*Assignment*: Copy, with no pictures, the line that contains "Ксеноновая лампа Service" and each line after it down to the end of the entries below, exactly.

*Recorded information*:
:::

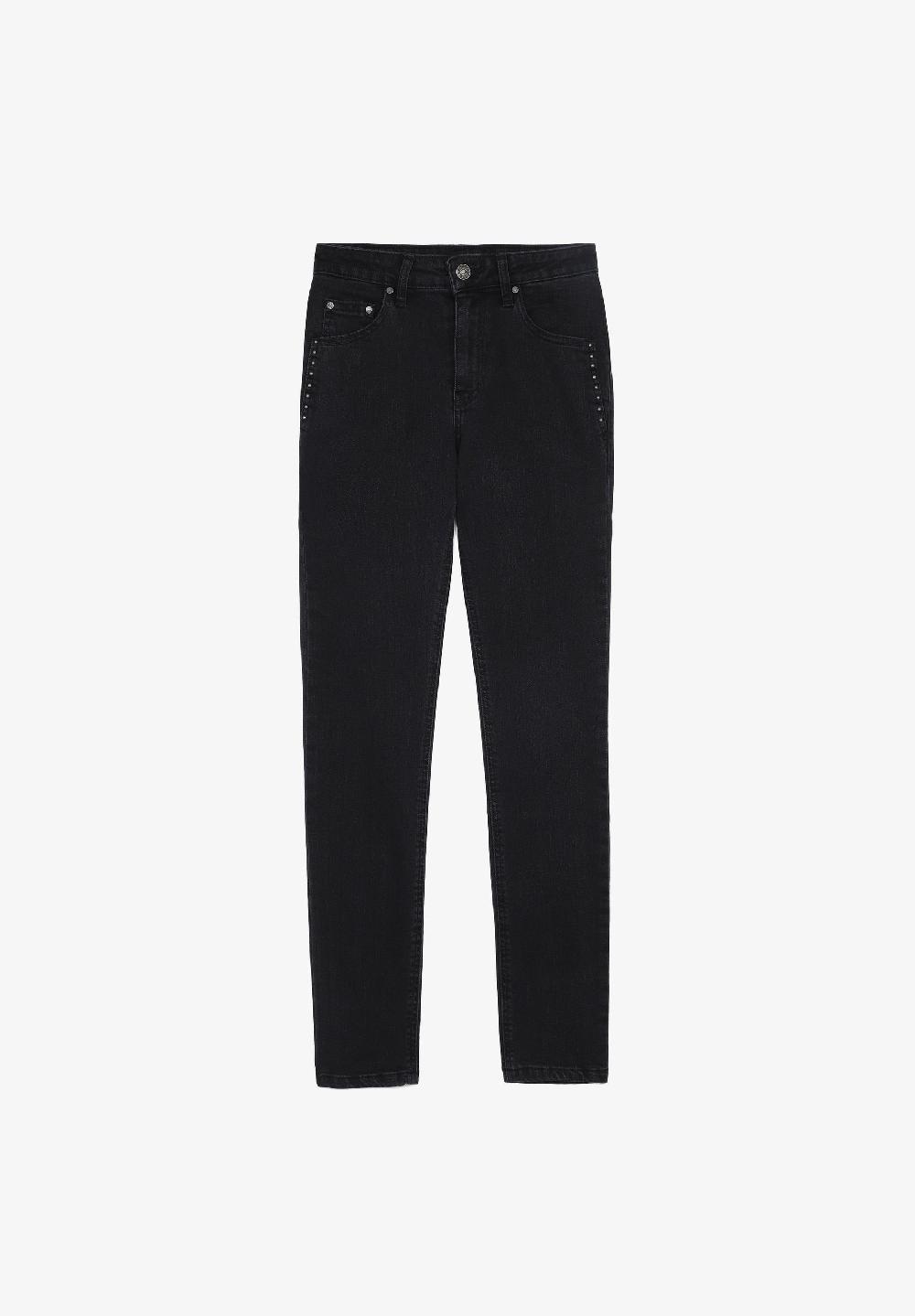 Scalpers SKINNY JEANS WITH STUDS BLACK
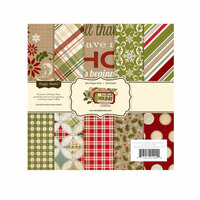 Simple Stories - Handmade Holiday Collection - Christmas - 6 x 6 Paper Pad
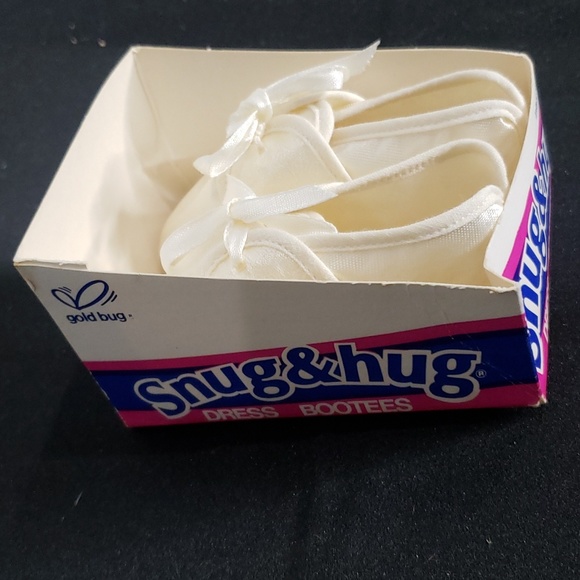 Snug & Hug Dress Booties White Vintage 1980s Infant - Picture 3 of 10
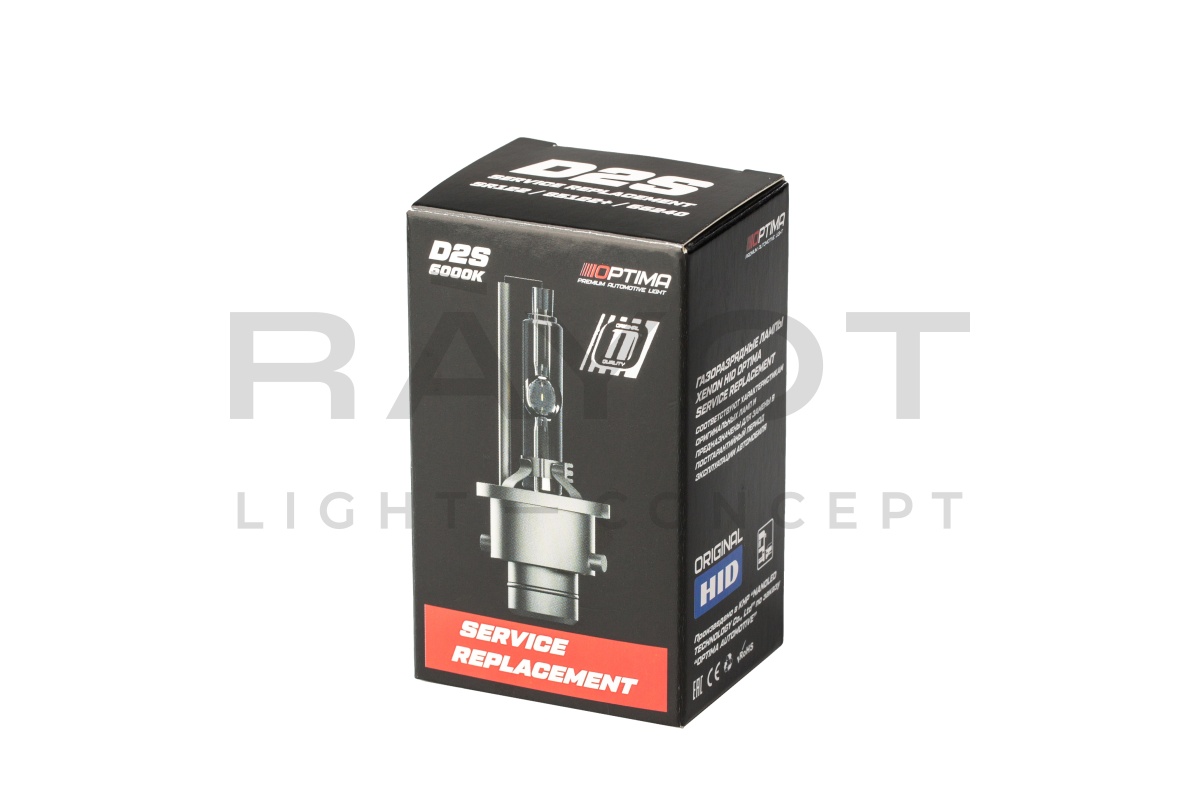 Ксеноновая лампа Service Replacement D2S, 6000K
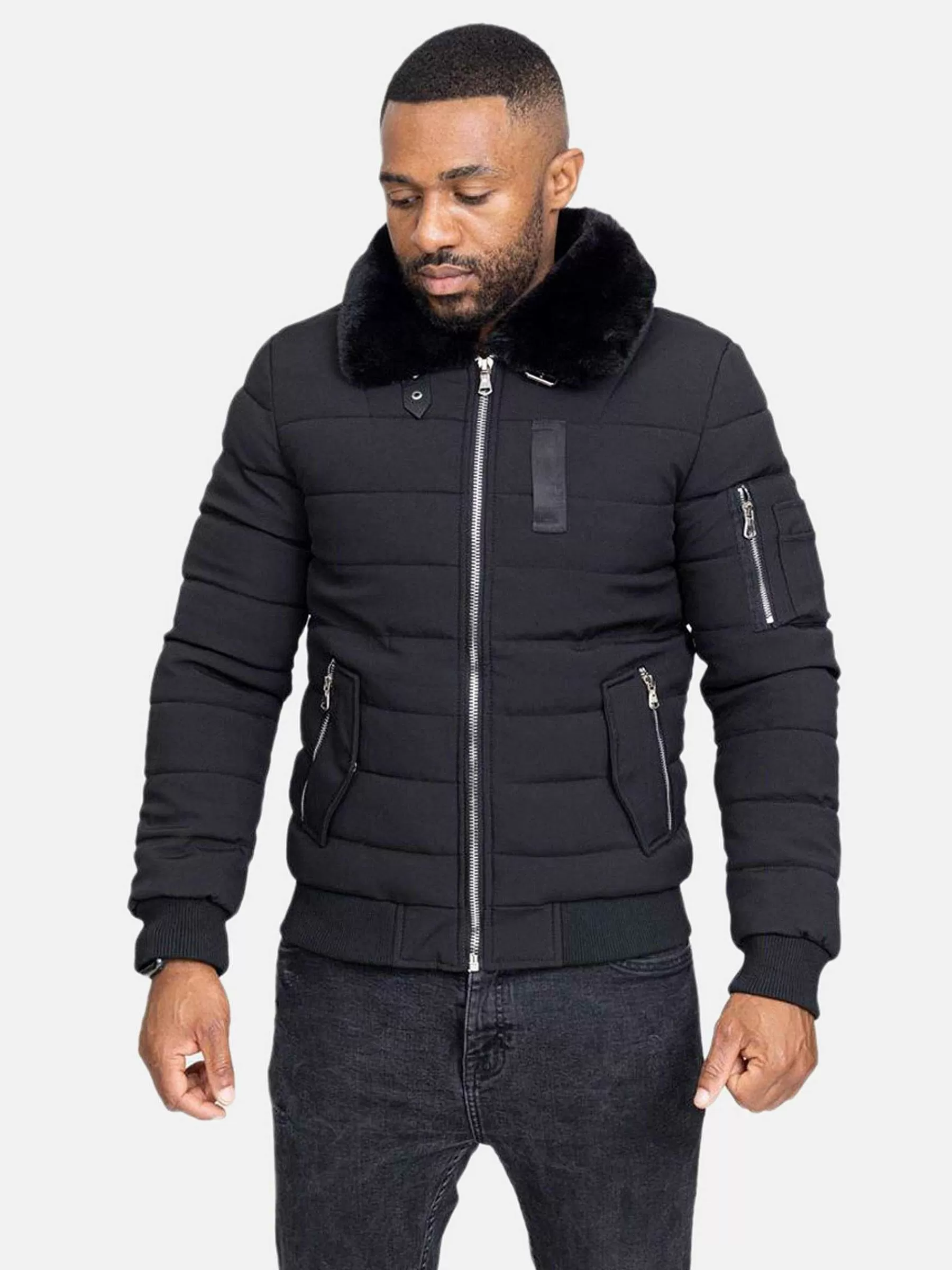 Wam Denim Winterjassen<Winter Jassen 21006-7 Black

:::

*Exercise output*:
 Ксеноновая лампа Service Replacement D2S, 6000K
 Wam Denim Winterjassen<Winter Jassen 21006-7 Black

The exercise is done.